Pickling The Last Bits of Summer With Easy Brine and Binge Watching

It's the end of August and the kids are back at school, and now you can make the most of what is left of the long hot summer days, but by yourself! Are you in the pool with the large mattress float, are you exercising with the music blaring, or how about binge-watching your favorite shows on the patio (with a huge bucket of popcorn)?


Whatever you're doing, I hope that you can find your beachy waves if you want them still.
Source: Pinterest


For myself, I deep clean the house! So many neglected spots and dust bunnies, I've lost count. I also embark on picking the haul in the garden. My family loves pickled foods and I  have just the easiest of all pickling brine recipes.

This recipe is tried and true! I have been using it for many years. It is a cold pickling method instead of the boiling canning that once was the prominent way to make pickled foods. This method uses only a few ingredients and within the week they're ready to eat.

Easy Pickling Recipe (Dill)

This recipe uses Quart jars, but you can use a myriad of jars as long as you mix the brine right.
You will yield approximately 3 quarts.

Needed: 
Saucepan
mason jars or mason jar type jars w/lids  (clean)

Ingredients:

Pickling cucumbers (these are the smaller cucumbers) About 10.
4 Cups of water
2 TBSP Kosher salt
2Cups of White vinegar
1 tsp sugar
1 large bunch of fresh dill
1 full head of fresh garlic (remove skins & smash)
whole pepper peppercorns (at least use one to two per jar~or to taste)

Steps:
1. slice cukes into spears (can cut coins if desired)
2. To make brine: in a saucepan combine the
water, vinegar, and sugar on low to medium heat stir until sugar dissolves. Once dissolves remove from heat. Set the pan aside to cool to room temp.
3. Once the brine has cooled add your speared cukes. Leave wiggle room in the jars, don't pack too tightly.
4. Now add to each jar the sprigs of dill, 1-2 cloves of garlic (depending on its size and to your taste),
and divvy up the salt(should be separating between three jars) and add as well as a couple peppercorns.
5. Now fill the cooled brine to cover the tops of the cuke spears.
6. When topped with brine, tightly close each lid. (air-tight lids are needed)
7. Now put each jar into the refrigerator. Let steep for at least one week.  After one week you can eat.
(*put stickers on top put dates on when you put them in the fridge)

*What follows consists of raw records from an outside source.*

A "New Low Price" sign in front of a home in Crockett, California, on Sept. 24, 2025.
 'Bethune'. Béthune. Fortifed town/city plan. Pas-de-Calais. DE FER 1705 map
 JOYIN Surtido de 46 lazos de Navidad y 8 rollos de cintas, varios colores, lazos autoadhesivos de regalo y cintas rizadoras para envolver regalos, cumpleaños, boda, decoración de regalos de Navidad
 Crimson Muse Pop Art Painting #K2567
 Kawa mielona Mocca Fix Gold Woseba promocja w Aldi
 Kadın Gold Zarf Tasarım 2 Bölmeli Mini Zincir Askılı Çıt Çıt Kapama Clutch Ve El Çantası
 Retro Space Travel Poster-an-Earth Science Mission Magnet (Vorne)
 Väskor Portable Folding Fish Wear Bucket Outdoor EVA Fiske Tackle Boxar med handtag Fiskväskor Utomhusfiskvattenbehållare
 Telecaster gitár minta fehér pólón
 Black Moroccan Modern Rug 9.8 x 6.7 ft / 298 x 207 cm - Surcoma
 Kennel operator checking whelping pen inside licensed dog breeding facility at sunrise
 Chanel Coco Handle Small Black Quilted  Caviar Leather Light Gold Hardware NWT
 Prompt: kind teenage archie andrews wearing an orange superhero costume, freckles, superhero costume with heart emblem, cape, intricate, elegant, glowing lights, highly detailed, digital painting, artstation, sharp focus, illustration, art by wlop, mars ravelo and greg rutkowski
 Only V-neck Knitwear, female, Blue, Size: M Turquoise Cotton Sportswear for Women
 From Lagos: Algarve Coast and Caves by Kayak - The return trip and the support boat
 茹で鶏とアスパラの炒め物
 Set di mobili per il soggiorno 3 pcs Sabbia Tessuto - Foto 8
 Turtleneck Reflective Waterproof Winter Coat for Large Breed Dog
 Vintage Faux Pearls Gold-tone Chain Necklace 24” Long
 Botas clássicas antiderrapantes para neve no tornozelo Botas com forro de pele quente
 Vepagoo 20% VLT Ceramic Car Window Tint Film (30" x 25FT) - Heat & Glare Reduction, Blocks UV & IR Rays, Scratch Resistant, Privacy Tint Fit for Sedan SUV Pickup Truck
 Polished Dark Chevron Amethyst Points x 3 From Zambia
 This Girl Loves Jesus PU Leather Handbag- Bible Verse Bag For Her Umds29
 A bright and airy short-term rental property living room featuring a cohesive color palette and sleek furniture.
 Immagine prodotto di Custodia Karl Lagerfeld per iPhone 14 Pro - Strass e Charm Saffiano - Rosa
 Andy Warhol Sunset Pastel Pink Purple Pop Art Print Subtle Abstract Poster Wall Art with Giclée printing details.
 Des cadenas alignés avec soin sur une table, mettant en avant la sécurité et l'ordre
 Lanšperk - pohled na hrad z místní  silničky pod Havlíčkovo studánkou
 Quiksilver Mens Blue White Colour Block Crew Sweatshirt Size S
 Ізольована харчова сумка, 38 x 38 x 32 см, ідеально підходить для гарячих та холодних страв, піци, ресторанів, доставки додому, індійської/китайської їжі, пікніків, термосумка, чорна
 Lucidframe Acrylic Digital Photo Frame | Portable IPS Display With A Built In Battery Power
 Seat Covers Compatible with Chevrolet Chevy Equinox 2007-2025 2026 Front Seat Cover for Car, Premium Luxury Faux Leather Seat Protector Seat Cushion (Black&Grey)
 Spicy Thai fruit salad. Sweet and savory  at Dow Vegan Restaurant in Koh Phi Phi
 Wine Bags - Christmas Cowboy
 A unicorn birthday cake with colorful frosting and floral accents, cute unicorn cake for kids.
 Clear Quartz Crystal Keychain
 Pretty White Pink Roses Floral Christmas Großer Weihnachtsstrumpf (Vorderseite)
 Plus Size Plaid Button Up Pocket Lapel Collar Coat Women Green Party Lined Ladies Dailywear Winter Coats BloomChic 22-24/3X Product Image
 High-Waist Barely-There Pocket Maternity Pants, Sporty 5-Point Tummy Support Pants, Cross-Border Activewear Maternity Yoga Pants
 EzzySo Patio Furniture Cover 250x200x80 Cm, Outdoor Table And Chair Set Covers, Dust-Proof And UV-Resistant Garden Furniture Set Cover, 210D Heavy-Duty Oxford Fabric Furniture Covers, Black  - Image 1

*A Bay leaf or onions are optional to add into each jar.
**Vegetables can be put into this type brine as well such as carrots(cleaned and cut), cauliflower, broccoli, or green beans (cleaned and slightly blanched) or green tomato. You may also prefer thyme or rosemary in place of dill.

***The cukes and vegetables can be kept up to two months, however, you can reuse the brine again!



Image result for pickled cucumbers
source: Pinterest


Find your last bits of the beautiful summer with the last summer fling on the patio with your friends and family as you impress them with homemade pickles or vegetables!